3.4. Applicability of the qPCR Assay in Maize Growing under Field Conditions

Since Fusarium spp. are often found together with M. maydis, a highly specific methodology that discriminates between these soil-borne fungal pathogens is extremely important. We therefore tested Fusarium spp. and M. maydis qPCR assays on samples from a field trial. This experiment was used as a proof-of-concept for the suitability of the technique. To evaluate target gDNA amount in terms of TCN using 100 ng of gDNA (TCN100), a total of 24 samples belonging to two cultivars (tolerant and susceptible) were analyzed at three time points (Figure 1). As expected, the M. maydis qPCR assay revealed that the susceptible cultivar consistently presented significantly higher values (p < 0.05) than the tolerant cultivar; this trend was observed for all of the maize growth times evaluated. Regarding the Fusarium spp. qPCR assay, it was possible to identify the presence of Fusarium spp. in both cultivars, although not following a specific trend (Figure 1). The results achieved demonstrate the suitability and applicability of the qPCR method based on ITS region to identify and discriminate between Fusarium spp. and M. maydis in maize roots under field conditions.

The degree of complexity of the etiology of late wilt in maize regarding the determination of the role of each fungal species in the development of the disease and/or the severity of symptoms should be studied by confirming the pathogenicity of the soil-borne fungi (including Fusarium spp.) [25]. The methodology presented here represents an important contribution towards establishing a better understanding of the interaction between both fungi.

To the best of our knowledge, this is the first time that a TaqMan probe assay has been developed to target M. maydis. Semi-quantitative analysis of DNA bands was previously applied for its detection [14], and recently a SYBR^®Green qPCR assay was established for the detection of M. maydis DNA in maize growing under different conditions, including in an infested field [20], however, it was not tested whether the method used was specific to M. maydis, or if it also could target Fusarium spp.
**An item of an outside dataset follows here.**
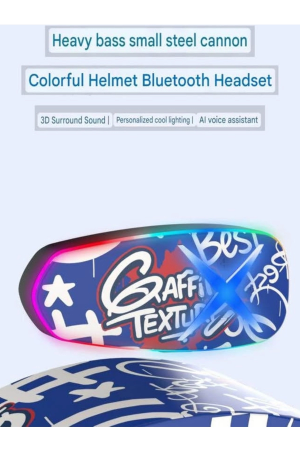 Helmet Graffiti Motor Kask Kulaklık Rgb Modlu Su Geçirmez 6.0 Blueto…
M. maydis is difficult to detect and isolate [16] and has the ability to become established and survive in stored maize seeds (even from apparently healthy parental plants) [14], which stresses the urgent need to develop new ways to monitor seed health and control disease spread.

Fusarium probes have been previously developed for target individual fungi species [35,36,37], but here we describe a methodology that targets both F. verticillioides and F. oxysporum, the Fusarium species that are prevalent in maize fields, but also targets F. graminearum, another important causal species of FER in maize.

4. Conclusions

Fusarium spp. and M. maydis TaqMan qPCR assays revealed a high specificity, with the Fusarium assay targeting F. oxysporum, F. verticillioides, and F. graminearum, important causal agents of FER in maize. This specificity includes even closely related species, and no false-positive results were observed. The specificity of the assay was validated in field conditions. The high sensitivity makes the methodology an efficient tool for the early diagnosis of the diseases as well as for sanitary certification purposes. Thus, qPCR through the use of TaqMan probes is proposed here as a promising tool for the discrimination and quantification of these soil-borne fungal pathogens known to cause disease on a large number of crops.